Bisnis.com, JAKARTA — The Financial Services Authority (OJK) is preparing a policy to progressively increase the proportion of free float shares on the Indonesia Stock Exchange (IDX), aiming to reach 25%. In the near future, the minimum free float requirement, currently set at 7.5%, will be raised to 10%. This initiative is slated to be one of OJK’s primary focuses for 2026.
Currently, under Regulation No. I-A concerning the Listing of Shares and Equity Securities Other Than Shares, listed companies are mandated to have a public float of at least 50 million shares and no less than 7.5% of their total outstanding shares. With the proposed increase in this minimum threshold, issuers are expected to expand the proportion of their shares available for trading by the public.
Data from October 2025 reveals that approximately 38 issuers remain suspended by the IDX due to non-compliance with the existing free float provisions. The escalation of this regulation is anticipated to compel companies to optimize their share ownership structures, ensuring they continue to meet listing eligibility criteria.
Martha Christina, Head of Investment Information at Mirae Asset Sekuritas, believes this policy holds significant potential for attracting a greater influx of global investors into the Indonesian stock market. She highlighted that Indonesia currently has a substantial number of companies with a free float below 10%, a figure considerably higher compared to regional counterparts such as Vietnam and Thailand.
According to Bloomberg data, out of 909 issuers on the IDX, 130 companies have a free float of less than 10%. In contrast, Vietnam only records 5.10% and Thailand a mere 1.28% of companies with such a low public float.
“Overall, this impact will be very positive. It signifies that more investors will be drawn to our capital markets,” Martha stated during the Mirae Asset Sekuritas Morning Meeting on Monday, November 17, 2025.
She further elaborated that an increase in free float will also enhance the prospects of Indonesian stocks being included in prestigious global indices like MSCI, which regards free float as a crucial indicator. “So, by aiming for 10%, we are essentially paving the way for our Exchange to have more of its issuers noticed by the global market,” she added.
Nonetheless, Martha cautioned that implementing the new rule will not be straightforward for all companies. Issuers with low liquidity are projected to encounter greater challenges in attracting new investors. She even suggested that some issuers might consider delisting from the exchange if the continuous increase in free float proves unsustainable for their operations.
“But if the target reaches 25%, issuers will inevitably have to consider their options… perhaps even concluding that delisting would be simpler,” Martha remarked.
Capital market observer Reydi Octa shared an additional perspective, noting that the enhanced free float policy could also restrict the maneuverability of “gorengan stocks” (a term referring to manipulated or pump-and-dump stocks). “The increase in free float can limit the manipulation of such stocks because their prices become much harder to control,” he explained.
Summary
The Financial Services Authority (OJK) is developing a policy to gradually increase the proportion of free float shares on the Indonesia Stock Exchange (IDX), with a target of reaching 25%. In the near future, the minimum free float requirement will be raised from 7.5% to 10%, becoming a primary focus for the OJK in 2026.
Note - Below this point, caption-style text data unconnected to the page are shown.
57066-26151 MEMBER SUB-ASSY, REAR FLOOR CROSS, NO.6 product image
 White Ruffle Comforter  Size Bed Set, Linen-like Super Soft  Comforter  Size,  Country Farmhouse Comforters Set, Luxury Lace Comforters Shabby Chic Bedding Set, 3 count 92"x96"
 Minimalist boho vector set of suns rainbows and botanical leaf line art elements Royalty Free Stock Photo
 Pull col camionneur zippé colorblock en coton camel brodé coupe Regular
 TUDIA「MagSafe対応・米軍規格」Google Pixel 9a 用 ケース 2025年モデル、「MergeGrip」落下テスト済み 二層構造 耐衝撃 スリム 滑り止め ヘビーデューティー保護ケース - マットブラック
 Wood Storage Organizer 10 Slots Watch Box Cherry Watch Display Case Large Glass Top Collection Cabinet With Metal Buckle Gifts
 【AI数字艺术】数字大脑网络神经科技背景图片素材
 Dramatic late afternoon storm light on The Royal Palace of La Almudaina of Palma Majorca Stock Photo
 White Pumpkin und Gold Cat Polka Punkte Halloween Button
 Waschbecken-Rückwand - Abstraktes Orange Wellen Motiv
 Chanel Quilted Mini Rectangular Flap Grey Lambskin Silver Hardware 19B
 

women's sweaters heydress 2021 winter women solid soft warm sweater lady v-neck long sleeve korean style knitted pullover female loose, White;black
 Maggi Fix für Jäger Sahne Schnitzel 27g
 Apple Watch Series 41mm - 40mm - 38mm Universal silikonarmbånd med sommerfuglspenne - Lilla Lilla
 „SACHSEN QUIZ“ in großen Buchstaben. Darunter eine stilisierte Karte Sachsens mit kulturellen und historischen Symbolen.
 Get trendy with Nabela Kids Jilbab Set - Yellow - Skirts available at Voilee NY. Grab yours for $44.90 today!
This policy is expected to attract more global investors to the Indonesian capital market and increase the potential for Indonesian stocks to be included in prestigious global indices such as MSCI. However, some companies with low liquidity may face challenges in adjusting and may even consider delisting. Increasing the free float also has the potential to limit the manipulation of “penny stock” share prices.